T-Mobile welcomed Christmas with its second data breach in less than six months

T-Mobile may have enjoyed another solid year in terms of subscriber growth, 5G network expansion, speed boosts, and various other technological breakthroughs and advancements, but when it comes to customer support and especially security, 2021 has been a time of worrying decline and a tidal wave of negative publicity for the once mighty “Un-carrier.”

The good news is the account information viewed without authorization and presumably stolen this time around is not quite as extensive as during the previous breach, with no social security numbers, birth dates, or personal identification data compromised in any way, at least to Magenta’s current (leaked) knowledge.

The even better news is the number of people impacted by the latest cyberattack seems to be a lot smaller than the tens of millions of current, former, and prospective T-Mobile subscribers that had to suffer the consequences of the carrier’s negligence just a few months ago.

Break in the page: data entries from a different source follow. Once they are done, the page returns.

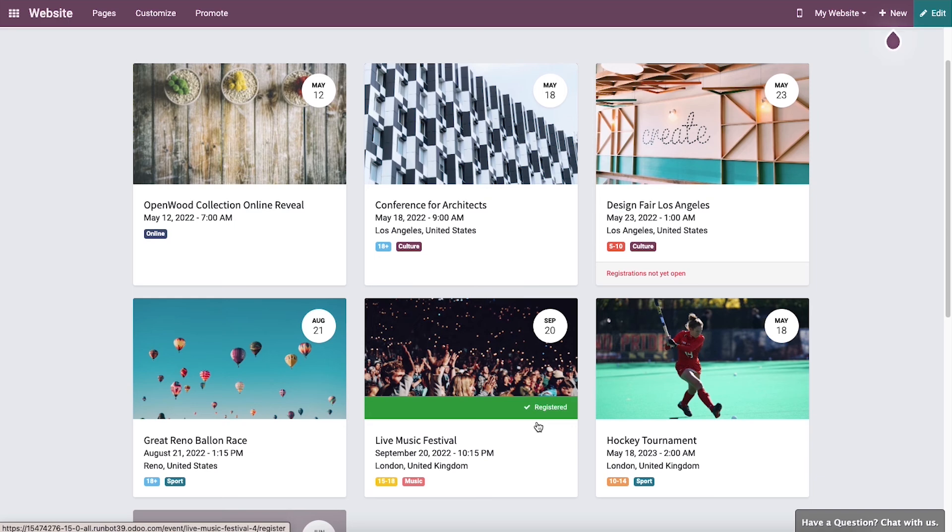The Odoo Events module will send a confirmation mail or SMS for your successful registration, and will also send reminders to customers at regular intervals before the scheduled date of the event. It is easy and simple to book tickets on the Odoo website. That's all about the video. Thank you for watching.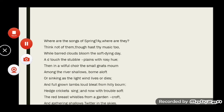Lines 25 to 26 read: 'While barred clouds bloom the soft-dying day and touch the stubble-plains with rosy hue.' The sounds of autumn are heard when the day is dying gently — in the evening time when clouds glow in the light of the setting sun. The poet displays a picture of stubble fields colored red in the crimson light of the setting sun.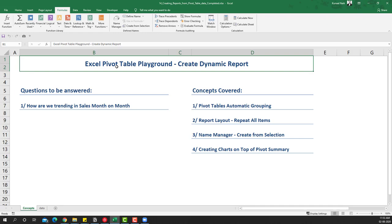Welcome to another video of the Excel pivot table series. In this particular video we are going to create a dynamic report. The questions we are going to be answering are: how are we trending in sales month on month, and we're also going to look at this year to year. For example, I can select one year and look at the monthly trend — in 2013 we have 12 months, in 2014 we have 12 months, and in 2015 we have three months.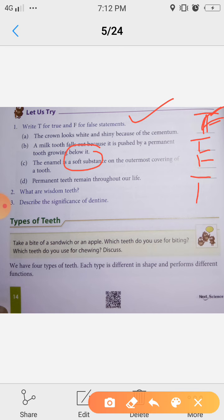This entire concept we studied in yesterday's class, and these questions were based on those notes. Next question: What are wisdom teeth? Wisdom teeth means 'akkal daad.' And the second question: Describe the significance of dentine. Dentine is one of the parts of the tooth that we studied yesterday.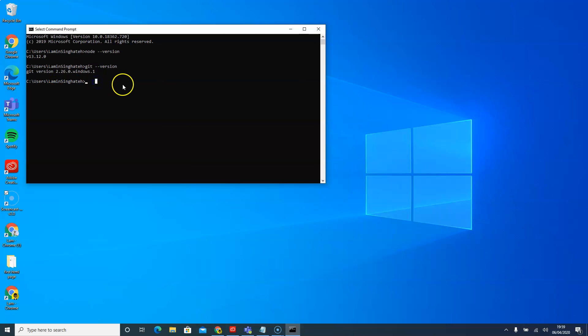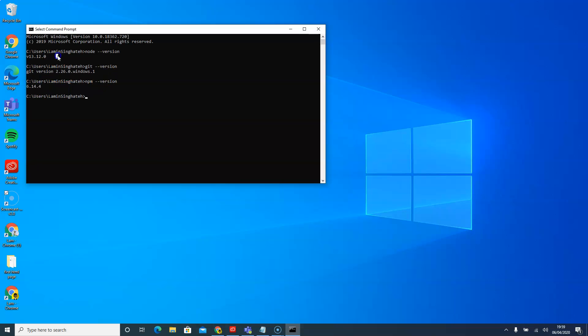We also need to check our npm. So npm dash dash version. And then it will give us, so we have all, we have our npm, we have our Git, we have our node.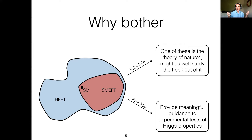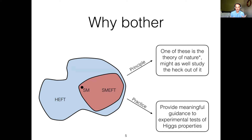There's a question: why bother studying these different EFTs? There are really two reasons. The in-principle reason is that one of these is the theory of nature — at least over experimentally accessible energies — so we might as well study the heck out of it. Just as studying the structure of the standard model as a theory is valuable, so too is studying the structure of these EFTs, even if some of what one studies may be out of reach of experimental precision. But there's also the in-practice reason: these EFTs provide very meaningful guidance to experimental tests of Higgs properties. The development of these Higgs EFTs has directly informed the progress of experimental searches. But the real reason to bother is that there is data.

On the not so bright side of things, those who did have their accounts breached sometime over the last few weeks should be extremely worried of how their personal information has or will be unlawfully used in the future.

 

We’re talking a “small number of customers” with billing account names, phone numbers, numbers of active lines, account numbers, rate plan names and MRCs (monthly recurring charges) compromised, as well as another “small number of customers” whose SIM cards were changed without permission.

Worse yet, a presumably smaller separate group of T-Mobile customers were impacted by both attack types, suffering a so-called SIM swap and losing control of all that personal info listed above with potentially catastrophic consequences. 

For what it’s worth, T-Mo did apparently reverse all the SIM swap incidents while notifying every single affected customer, which makes it a little weird that the new breach doesn’t seem to be publicly acknowledged in any way, at least at the time of this writing.

Unfortunately, these small-scale incidents are actually pretty frequent occurrences in this day and age, but of course, T-Mobile will have to live with being scrutinized a little closer than usual for a while after this year’s completely unprecedented hack.